The Vinton Street elevator’s driveway took special planning before construction


Vinton Street Drive way

By Ronald Ahrens

The Vinton Street elevator‘s driveway required the building of plenty of formwork before concrete could be poured. Here we see two men making final preparations. One is sweeping the deck, while the worker at the lower right is perhaps using a tool. The unknown photographer’s shadow intrudes into the lower left part of the frame.

Records show that 17 cubic yards of concrete were allotted for the driveway and the elevator’s work floor. The amount of reinforcing steel was not recorded.

A truck shed was then built. Although we lack a photo of it after completion, the record does show that Johnson Overhead Doors were to be installed, one at each end of the shed.

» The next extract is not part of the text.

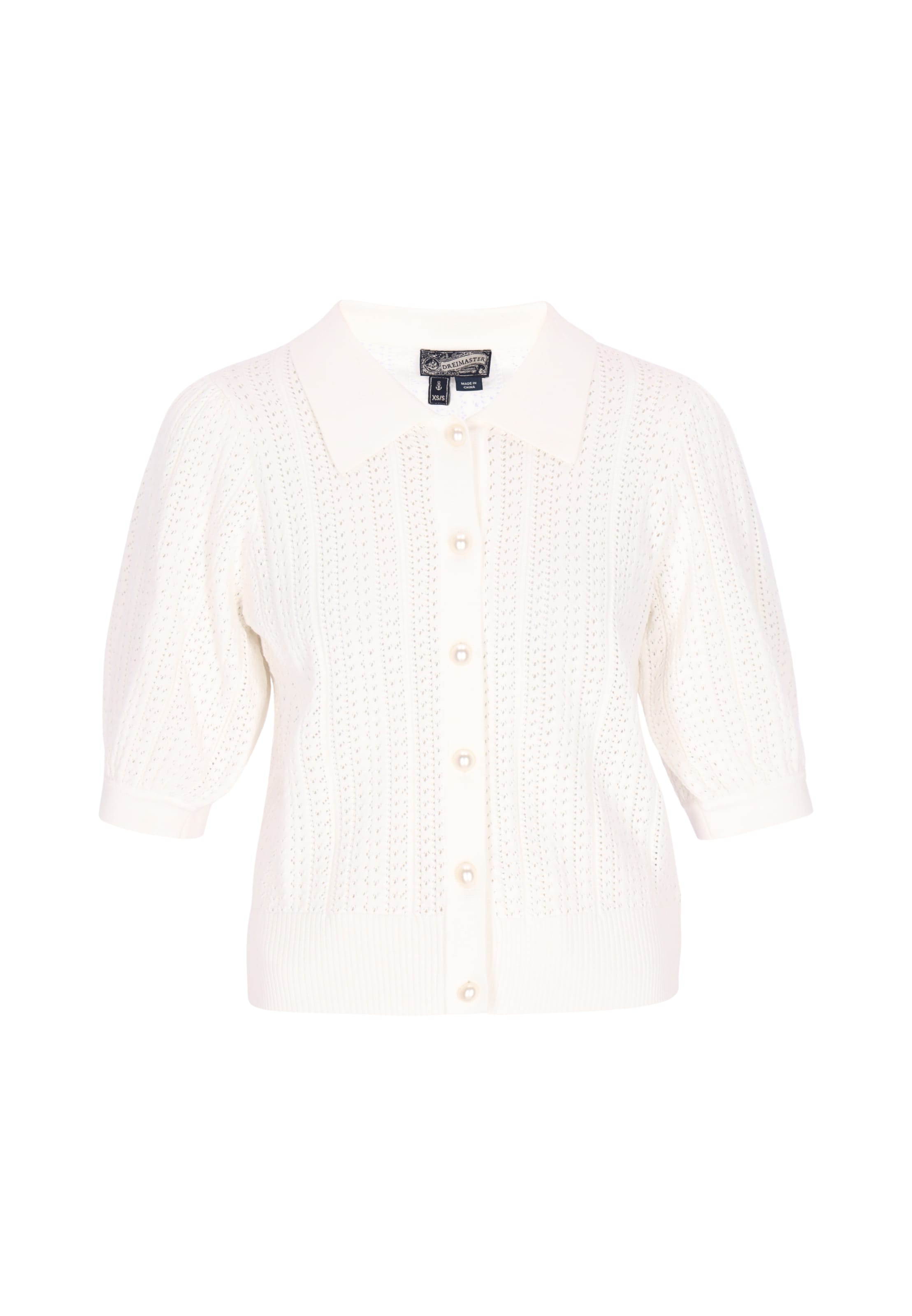 Cardigan DreiMaster Vintage en blanc : devant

And of course a scale was part of the package.

Linking together preassembled formwork came after pouring an elevator’s slab

Initial formwork for new grain bins at Flagler in 1953.

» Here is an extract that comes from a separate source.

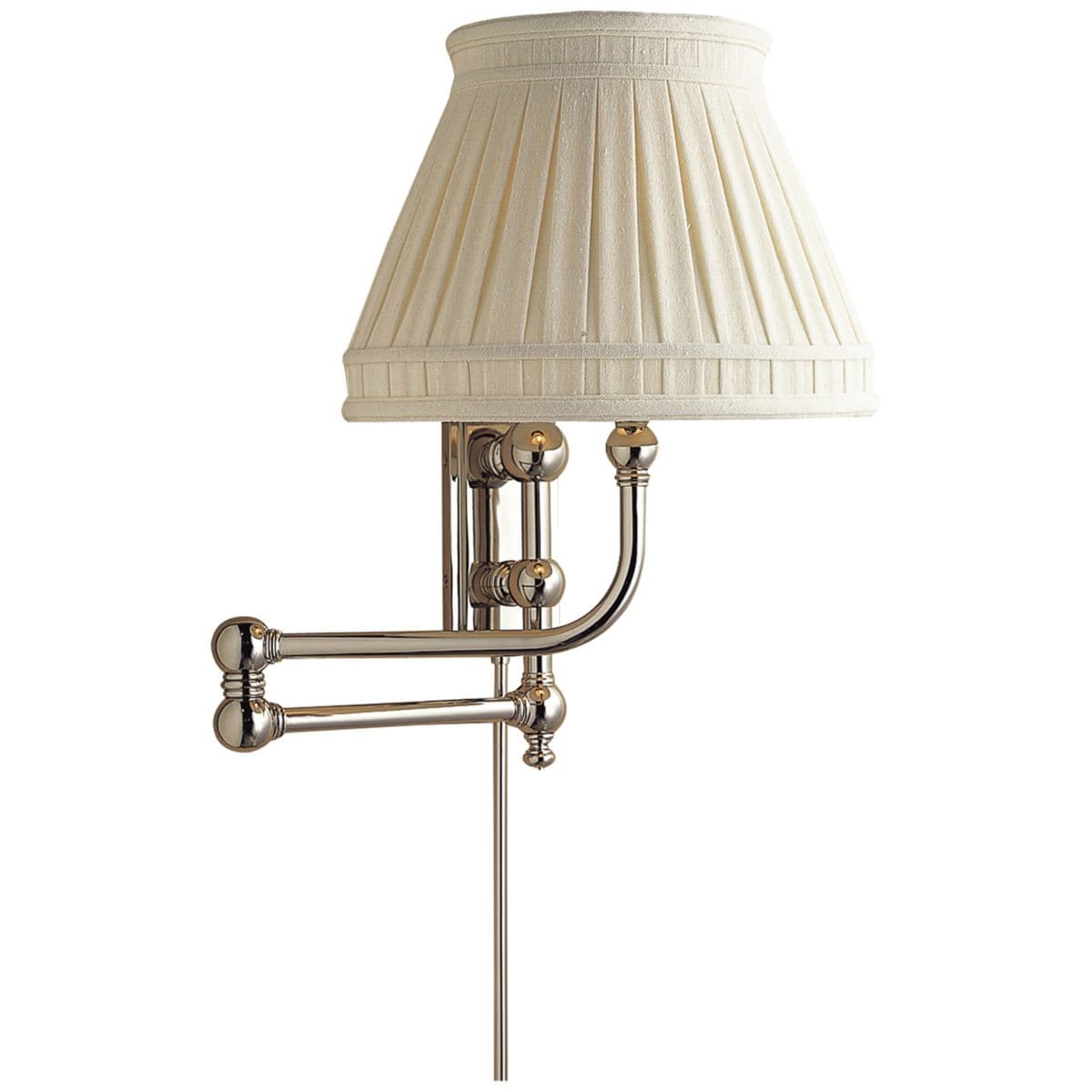 Visual Comfort Signature | Pimlico Swing Arm Wall Sconce — Polished Nickel, Linen Collar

Initial formwork for Tillotson Construction’s new annex of grain bins at Flagler, Colo., in 1953.

Editor’s note: The following explanation by Charles J. Tillotson helps to answer the question of how a grain elevator is built.

The excavation you see in the picture was dug for the foundation and floor slab of the annex at Flagler. Once the slab is poured, the forms that have been built are moved onto the slab where further carpentry is used to connect all the formwork together and construct the supplemental formwork such as horizontal ribs, jack yokes, et cetera, to make an integral form, all assembled into a uniform unit and capped entirely with a walking deck, also of wood.

Oftentimes the job site did not lend itself to building the major portion of the formwork simultaneously with the excavating and placement of the foundation (lack of space, topography, et cetera). So all of the formwork had to be built in place after the new floor was poured, which slowed the construction time of the overall build-out of the elevator.